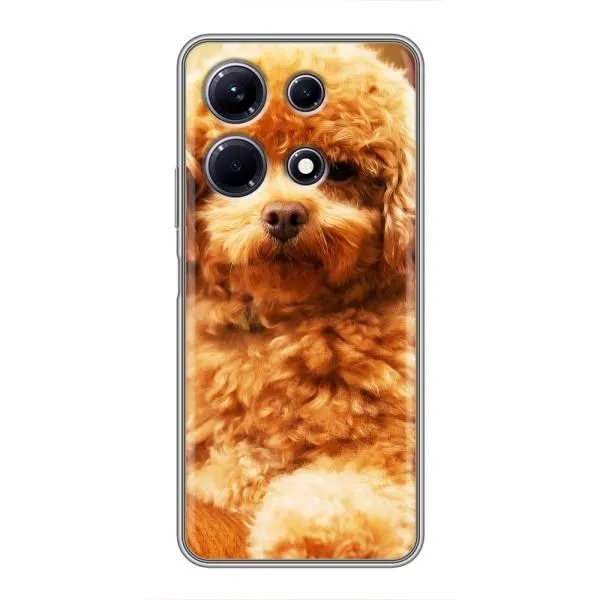 Чохол з принтом «Цуценя Бішон» для Infinix Note 30 Чохол з принтом «Цуценя Бішон» для Infinix Note 30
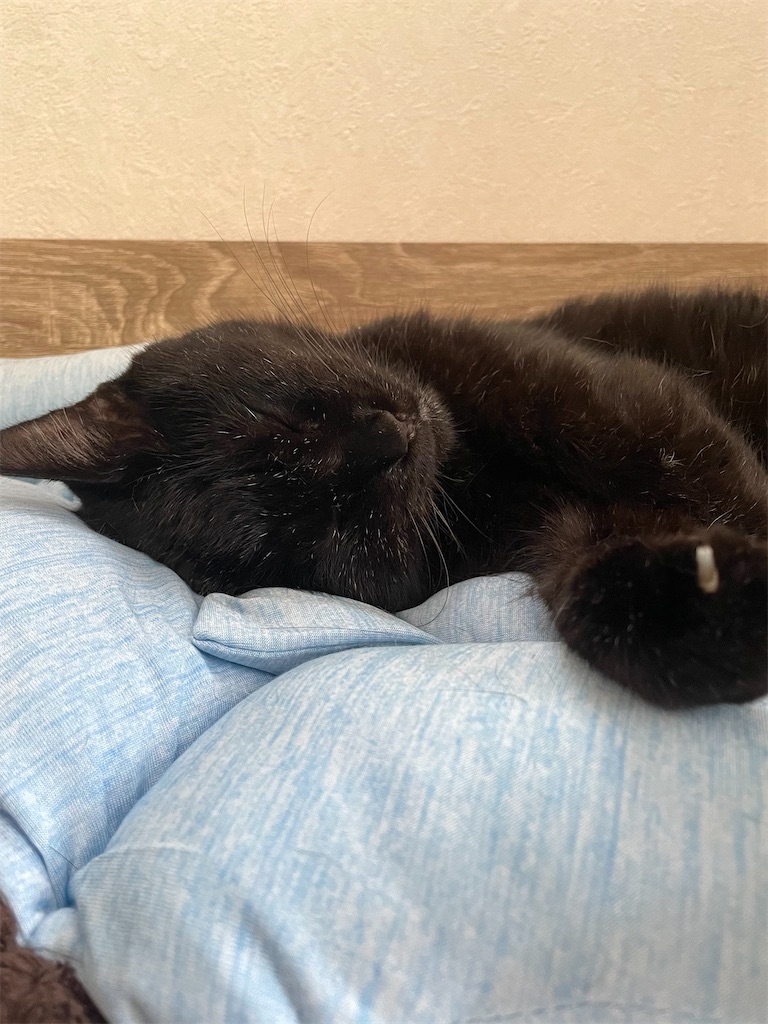 f:id:hiraryo0201:20220904085009j:image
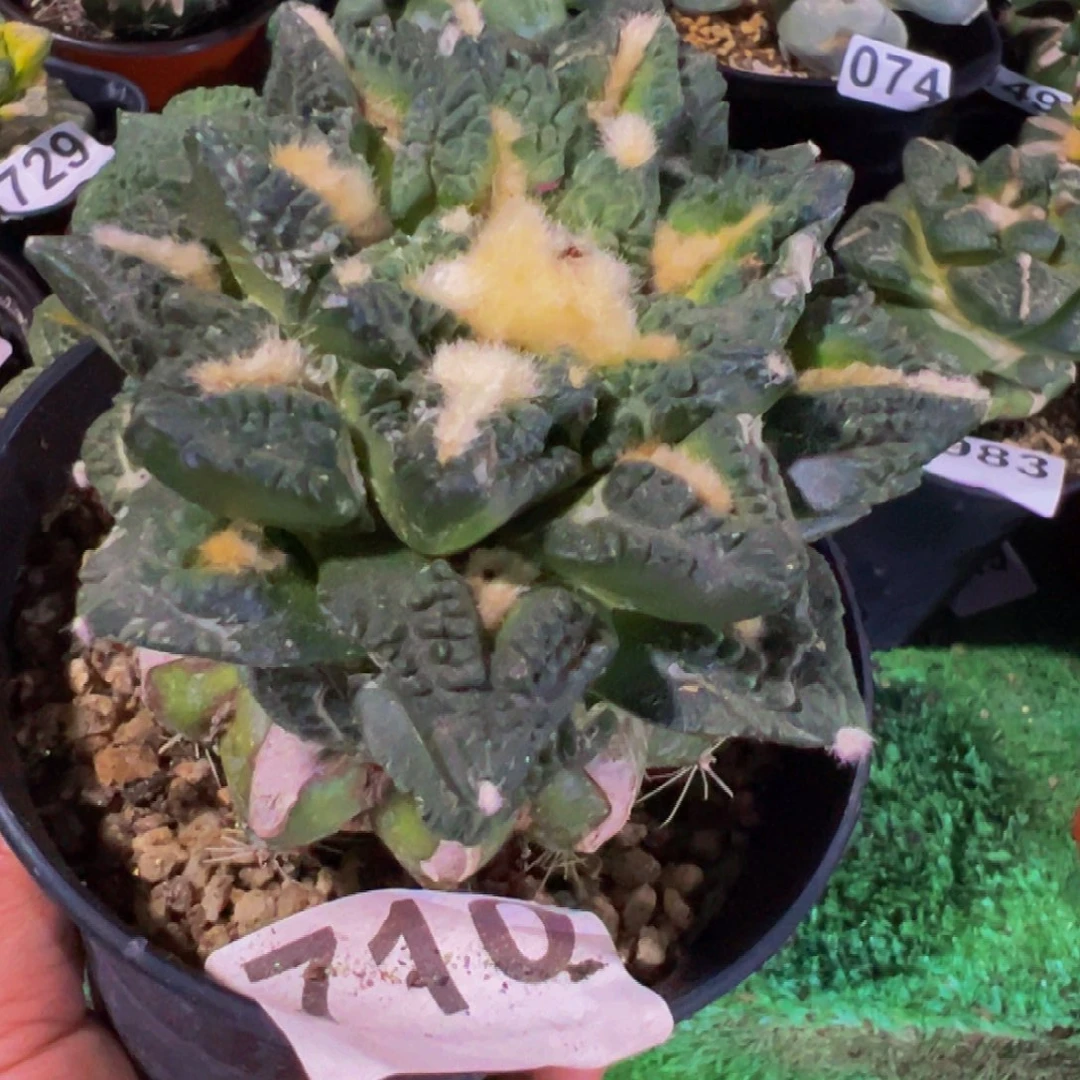 无花朵福利尖尤龟甲牡丹710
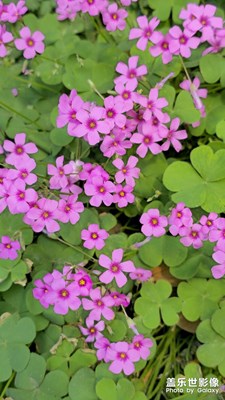 【花開(kāi)半夏】+漿草花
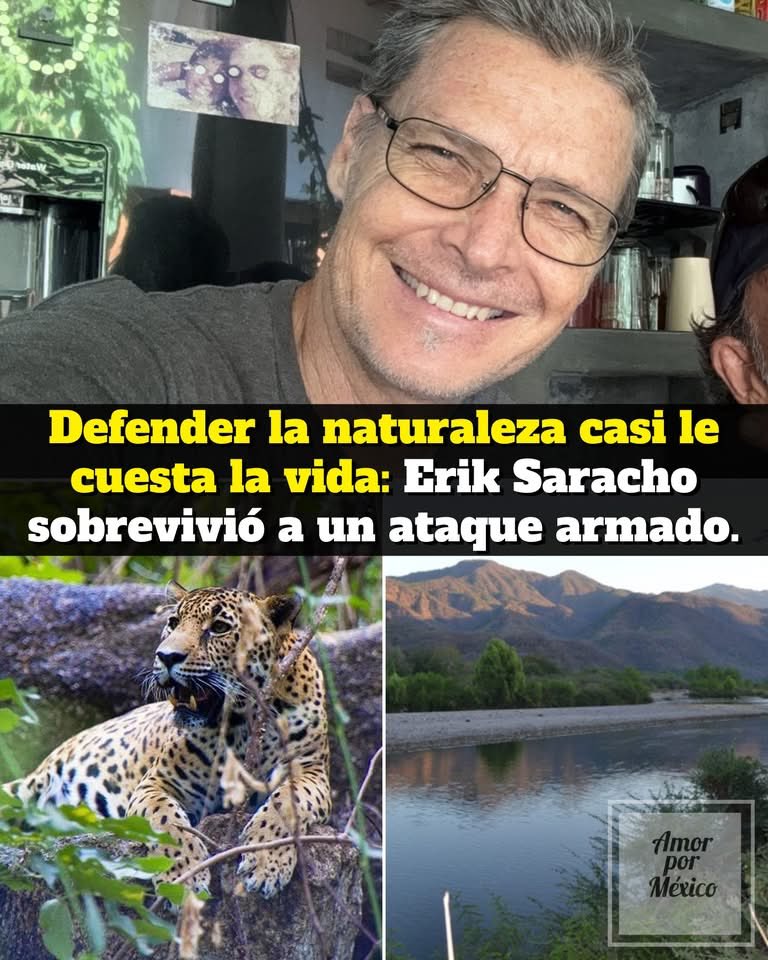 DRA. MERCEDES PAVON "SUPERMUELITA FIFÍ" tweet media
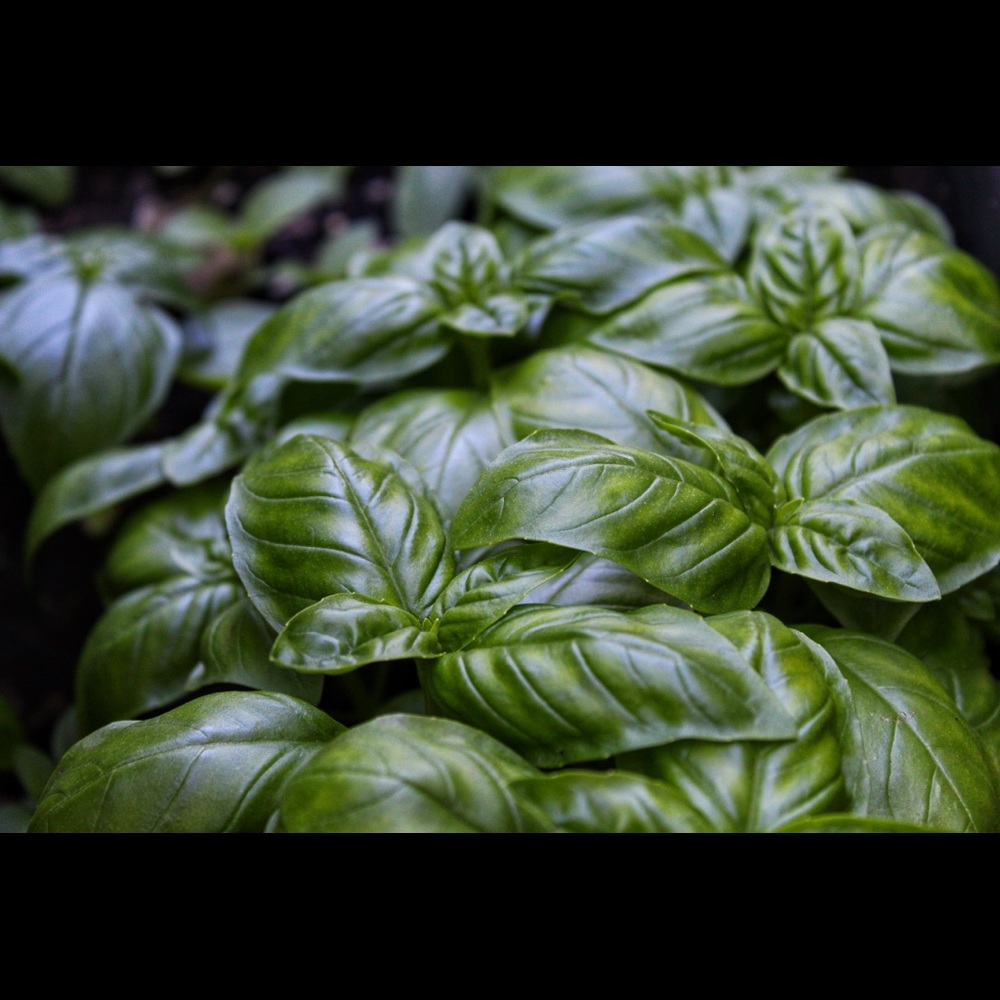 Winter Clear Out is Here! CLEARANCE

§

▶ _WHAT IS BEING ASKED_
Everything in the listing must be copied exactly except the pictures.

▶ _ANSWER TO THIS PROBLEM_
 Чохол з принтом «Цуценя Бішон» для Infinix Note 30 Чохол з принтом «Цуценя Бішон» для Infinix Note 30
 f:id:hiraryo0201:20220904085009j:image
 无花朵福利尖尤龟甲牡丹710
 【花開(kāi)半夏】+漿草花
 DRA. MERCEDES PAVON "SUPERMUELITA FIFÍ" tweet media
 Winter Clear Out is Here! CLEARANCE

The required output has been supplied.